Chez Doux, ses cartons ne sont pas encore emballés. Mais Arnaud Marion vole déjà au secours d’une nouvelle entreprise. Appelé en 2012 au chevet du volailler breton, alors en redressement judiciaire, l’homme a quitté ses fonctions de président du directoire fin février, quelques jours après la validation par l’Autorité de la concurrence du rachat du groupe agroalimentaire, renfloué par la coopérative agricole Terrena.

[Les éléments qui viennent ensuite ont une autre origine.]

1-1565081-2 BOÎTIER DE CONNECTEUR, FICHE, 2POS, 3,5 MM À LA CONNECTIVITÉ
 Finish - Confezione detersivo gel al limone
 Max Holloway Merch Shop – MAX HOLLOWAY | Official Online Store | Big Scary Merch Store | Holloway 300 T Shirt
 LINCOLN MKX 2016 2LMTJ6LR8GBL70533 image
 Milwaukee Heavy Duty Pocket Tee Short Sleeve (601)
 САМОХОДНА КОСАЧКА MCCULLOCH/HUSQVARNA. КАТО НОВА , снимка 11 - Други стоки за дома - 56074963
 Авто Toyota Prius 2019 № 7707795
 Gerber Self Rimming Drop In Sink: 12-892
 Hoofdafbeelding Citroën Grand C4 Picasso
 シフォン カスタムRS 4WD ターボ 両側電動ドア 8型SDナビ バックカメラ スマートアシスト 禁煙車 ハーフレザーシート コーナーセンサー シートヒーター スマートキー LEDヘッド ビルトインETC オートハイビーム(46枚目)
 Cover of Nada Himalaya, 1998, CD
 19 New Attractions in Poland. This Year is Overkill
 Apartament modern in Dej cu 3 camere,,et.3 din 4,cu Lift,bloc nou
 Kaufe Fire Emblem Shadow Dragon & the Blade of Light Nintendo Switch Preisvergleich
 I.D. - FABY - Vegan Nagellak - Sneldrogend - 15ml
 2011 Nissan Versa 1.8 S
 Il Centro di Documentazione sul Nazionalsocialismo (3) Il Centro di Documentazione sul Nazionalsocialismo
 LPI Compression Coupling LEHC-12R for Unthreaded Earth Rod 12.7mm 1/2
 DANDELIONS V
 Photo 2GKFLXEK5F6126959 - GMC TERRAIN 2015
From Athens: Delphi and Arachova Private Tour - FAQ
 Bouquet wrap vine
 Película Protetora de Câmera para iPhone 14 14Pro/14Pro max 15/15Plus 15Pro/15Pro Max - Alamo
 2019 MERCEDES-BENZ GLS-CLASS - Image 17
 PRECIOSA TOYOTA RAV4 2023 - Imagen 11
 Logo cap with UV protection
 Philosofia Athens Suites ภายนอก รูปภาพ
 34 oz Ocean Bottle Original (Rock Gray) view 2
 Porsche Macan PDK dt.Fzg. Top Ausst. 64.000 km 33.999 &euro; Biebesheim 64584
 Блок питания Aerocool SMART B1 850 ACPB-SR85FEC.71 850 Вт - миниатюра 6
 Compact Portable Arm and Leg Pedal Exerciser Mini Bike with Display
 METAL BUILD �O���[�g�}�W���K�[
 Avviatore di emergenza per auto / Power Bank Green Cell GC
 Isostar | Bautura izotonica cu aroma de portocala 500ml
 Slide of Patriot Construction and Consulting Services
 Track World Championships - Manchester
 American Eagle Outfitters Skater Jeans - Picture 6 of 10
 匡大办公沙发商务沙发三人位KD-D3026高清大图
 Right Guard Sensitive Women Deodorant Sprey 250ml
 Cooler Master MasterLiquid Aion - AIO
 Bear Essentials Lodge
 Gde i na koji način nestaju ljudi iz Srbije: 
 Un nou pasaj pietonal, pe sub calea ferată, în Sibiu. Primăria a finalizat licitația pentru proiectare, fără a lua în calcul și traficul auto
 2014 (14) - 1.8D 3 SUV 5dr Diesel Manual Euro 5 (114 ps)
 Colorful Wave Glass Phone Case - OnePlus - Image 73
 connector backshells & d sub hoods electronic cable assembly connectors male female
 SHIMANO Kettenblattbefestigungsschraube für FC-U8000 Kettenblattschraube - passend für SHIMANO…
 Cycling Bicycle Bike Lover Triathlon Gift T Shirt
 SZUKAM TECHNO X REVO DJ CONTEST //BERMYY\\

Après quatorze ans passés dans le conseil et la banque, Arnaud Marion est devenu sauveteur d’entreprises, en créant il y a quinze ans Trans Consult International, un cabinet spécialisé dans la gestion de crise, l’analyse stratégique et les négociations. A 50 ans, l’homme dit s’être penché sur le sort de 220 sociétés et avoir assuré pas moins de 35 mandats de direction générale, participant ainsi à la sauvegarde de 5.000 emplois.

LE GOÛT DE LA MÉDIATION

Terrena lui avait bien proposé de rester à la tête de Doux, mais il a décliné, plaidant pour le recrutement d’un spécialiste du secteur, qui apporterait un regard neuf sur l’activité. C’est qu’Arnaud Marion n’intervient pas dans les entreprises en vitesse de croisière, leur préférant les opérations commandos au cours desquelles il peut construire, en un temps compté, la bonne stratégie.

Fils de militaire, habitué aux fréquents changements de caserne, il a acquis le goût de la négociation à l’occasion d’une mutation paternelle qui l’avait conduit à côtoyer les hommes du GIGN. Il aime jouer le rôle du médiateur, comme lors de son intervention en 2004-2005 au Lido, où il a déployé ses talents pour lever les blocages entre les deux familles actionnaires, permettant finalement de faire entrer Sodexo au capital.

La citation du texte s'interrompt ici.